— The records —
= = = =
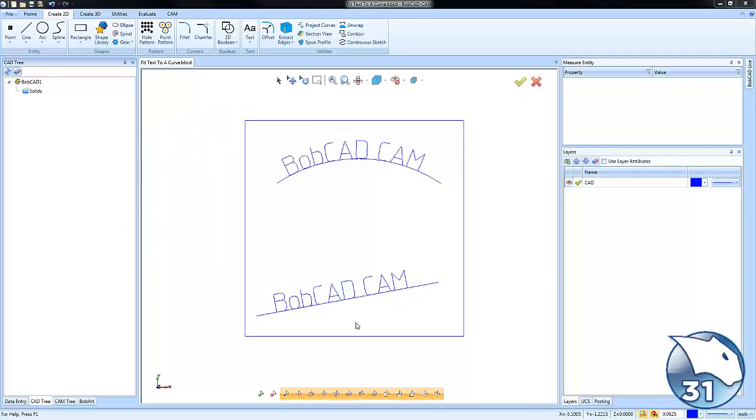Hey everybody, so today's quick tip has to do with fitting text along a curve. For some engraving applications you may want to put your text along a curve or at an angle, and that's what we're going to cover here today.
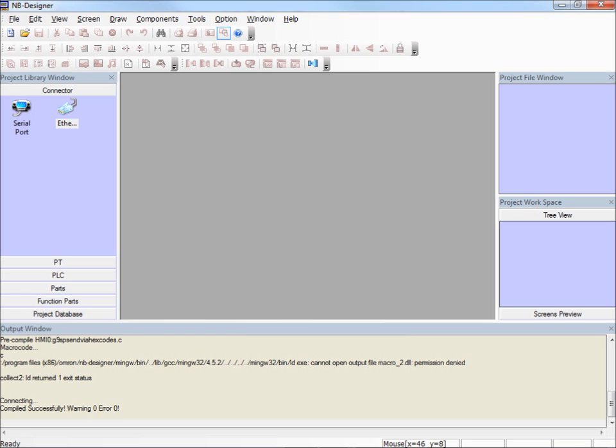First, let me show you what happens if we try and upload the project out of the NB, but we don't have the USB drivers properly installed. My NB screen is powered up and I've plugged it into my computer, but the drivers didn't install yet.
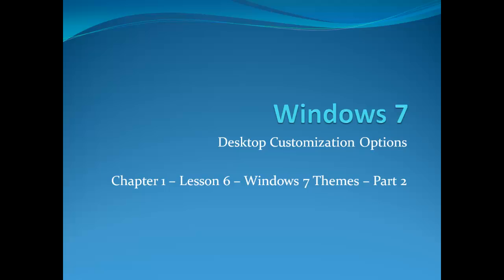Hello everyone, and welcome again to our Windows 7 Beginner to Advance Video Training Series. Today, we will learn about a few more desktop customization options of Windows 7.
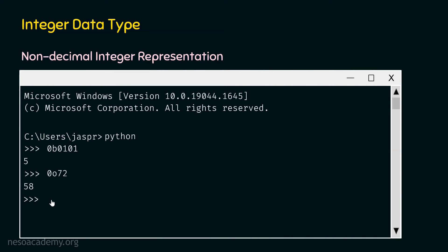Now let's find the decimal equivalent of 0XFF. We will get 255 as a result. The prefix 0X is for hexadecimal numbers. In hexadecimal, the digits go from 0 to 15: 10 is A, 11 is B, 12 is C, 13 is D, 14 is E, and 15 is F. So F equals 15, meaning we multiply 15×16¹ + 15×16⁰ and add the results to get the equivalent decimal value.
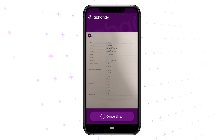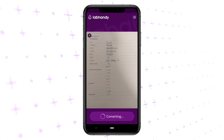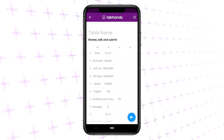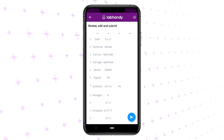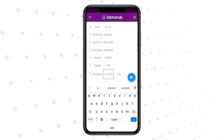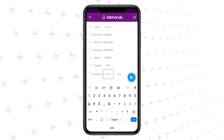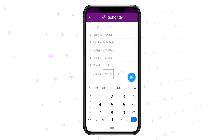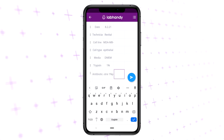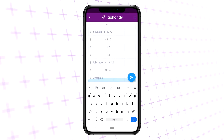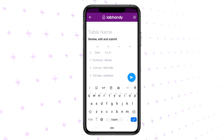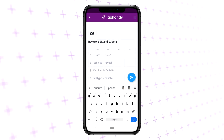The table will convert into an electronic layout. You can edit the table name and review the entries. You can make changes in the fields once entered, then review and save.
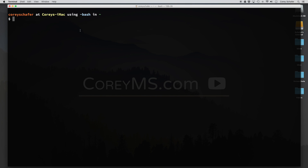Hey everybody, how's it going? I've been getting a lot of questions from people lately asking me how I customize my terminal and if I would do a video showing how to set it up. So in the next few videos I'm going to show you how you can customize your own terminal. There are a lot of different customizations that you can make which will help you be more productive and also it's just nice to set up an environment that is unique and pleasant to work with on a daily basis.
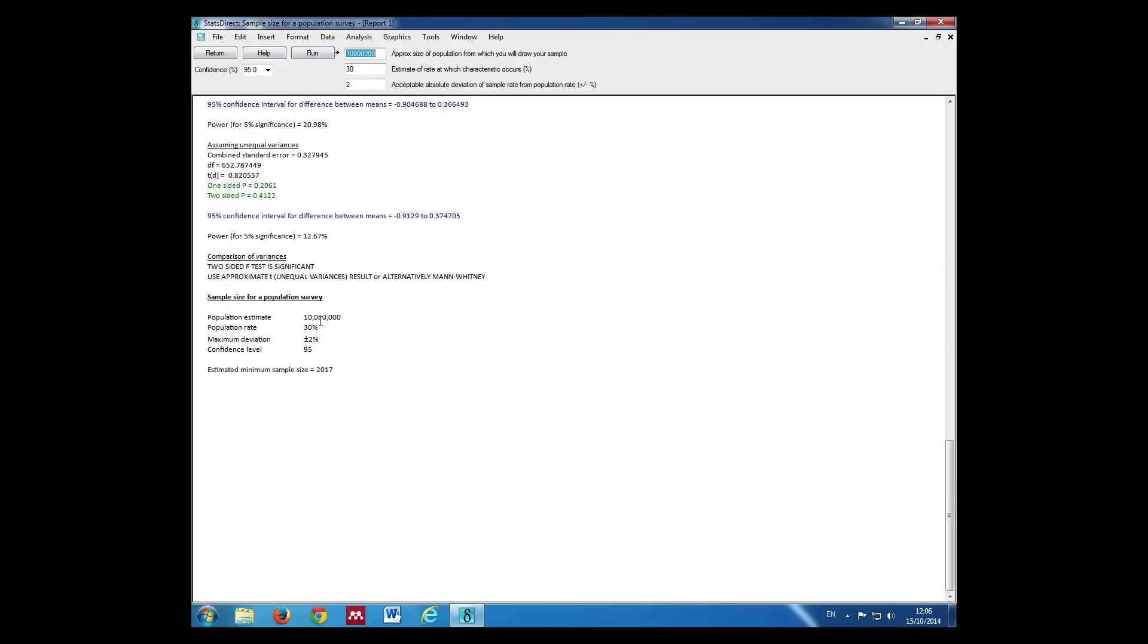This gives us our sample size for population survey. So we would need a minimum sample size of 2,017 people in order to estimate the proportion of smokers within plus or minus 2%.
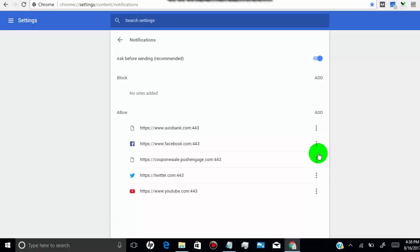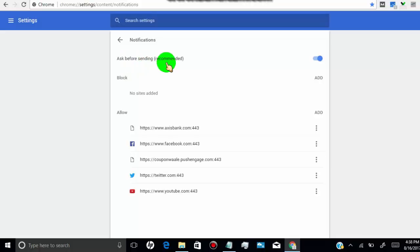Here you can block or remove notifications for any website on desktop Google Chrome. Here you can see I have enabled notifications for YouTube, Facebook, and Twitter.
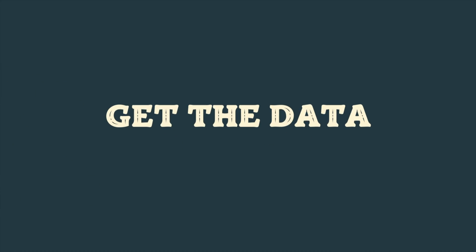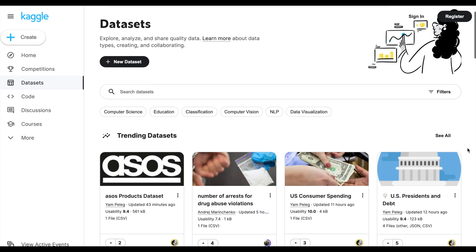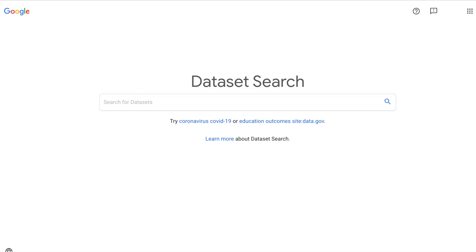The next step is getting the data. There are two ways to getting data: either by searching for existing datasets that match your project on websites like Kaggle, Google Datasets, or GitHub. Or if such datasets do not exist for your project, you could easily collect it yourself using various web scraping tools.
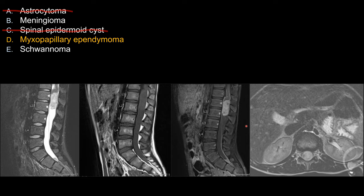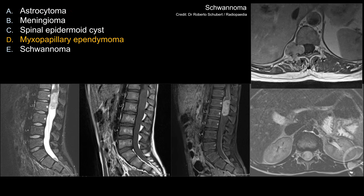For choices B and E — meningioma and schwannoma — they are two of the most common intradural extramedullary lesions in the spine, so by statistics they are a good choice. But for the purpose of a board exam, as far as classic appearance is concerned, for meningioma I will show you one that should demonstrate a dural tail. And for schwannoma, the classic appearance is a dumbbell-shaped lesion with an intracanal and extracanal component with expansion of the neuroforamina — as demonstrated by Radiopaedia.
= = = =
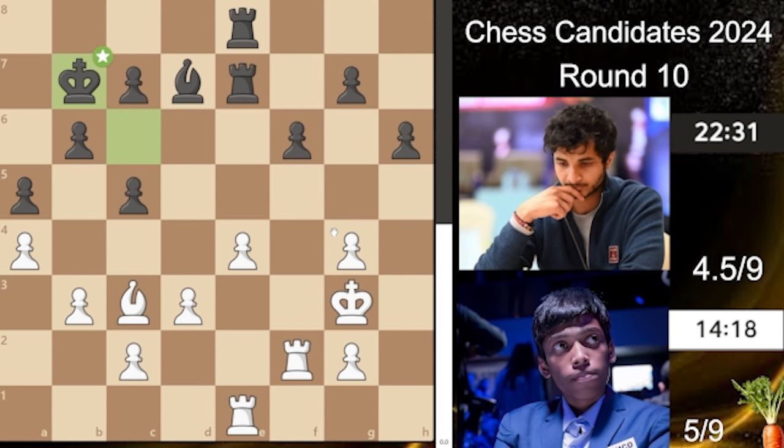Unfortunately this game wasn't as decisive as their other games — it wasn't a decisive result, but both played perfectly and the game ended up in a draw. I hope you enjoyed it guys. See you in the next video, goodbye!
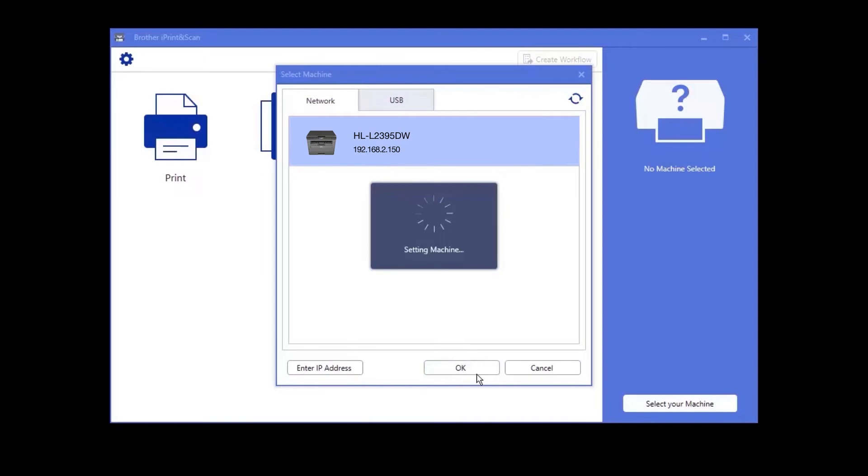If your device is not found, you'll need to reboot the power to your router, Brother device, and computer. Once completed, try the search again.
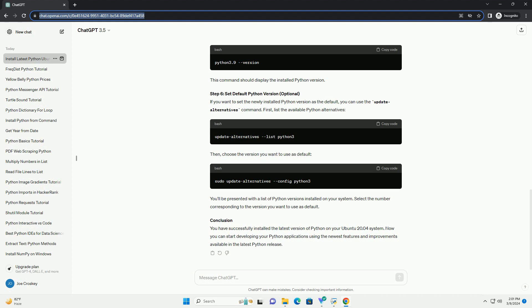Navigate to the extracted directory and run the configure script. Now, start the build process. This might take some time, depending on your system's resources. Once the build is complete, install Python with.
= = = =
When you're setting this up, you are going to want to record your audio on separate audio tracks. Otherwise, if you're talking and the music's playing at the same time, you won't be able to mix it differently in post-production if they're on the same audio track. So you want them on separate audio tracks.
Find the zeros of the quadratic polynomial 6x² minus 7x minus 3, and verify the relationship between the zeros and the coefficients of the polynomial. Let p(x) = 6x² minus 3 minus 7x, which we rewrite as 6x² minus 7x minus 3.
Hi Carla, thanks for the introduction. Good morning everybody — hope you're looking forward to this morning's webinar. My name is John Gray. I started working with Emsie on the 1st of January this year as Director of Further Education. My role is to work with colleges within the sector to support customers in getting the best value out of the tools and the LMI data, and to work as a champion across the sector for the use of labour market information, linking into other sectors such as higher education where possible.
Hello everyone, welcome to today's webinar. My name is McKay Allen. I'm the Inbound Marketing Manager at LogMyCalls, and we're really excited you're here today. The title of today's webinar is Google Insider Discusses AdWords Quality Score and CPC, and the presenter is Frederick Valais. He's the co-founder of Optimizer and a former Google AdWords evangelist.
= = = =
— Required work —
Scan the entries above for the line containing "When you're setting", and copy it and all lines after it exactly, down to and including the line containing "Hello everyone, welcome".

— Output below —
When you're setting this up, you are going to want to record your audio on separate audio tracks. Otherwise, if you're talking and the music's playing at the same time, you won't be able to mix it differently in post-production if they're on the same audio track. So you want them on separate audio tracks.
Find the zeros of the quadratic polynomial 6x² minus 7x minus 3, and verify the relationship between the zeros and the coefficients of the polynomial. Let p(x) = 6x² minus 3 minus 7x, which we rewrite as 6x² minus 7x minus 3.
Hi Carla, thanks for the introduction. Good morning everybody — hope you're looking forward to this morning's webinar. My name is John Gray. I started working with Emsie on the 1st of January this year as Director of Further Education. My role is to work with colleges within the sector to support customers in getting the best value out of the tools and the LMI data, and to work as a champion across the sector for the use of labour market information, linking into other sectors such as higher education where possible.
Hello everyone, welcome to today's webinar. My name is McKay Allen. I'm the Inbound Marketing Manager at LogMyCalls, and we're really excited you're here today. The title of today's webinar is Google Insider Discusses AdWords Quality Score and CPC, and the presenter is Frederick Valais. He's the co-founder of Optimizer and a former Google AdWords evangelist.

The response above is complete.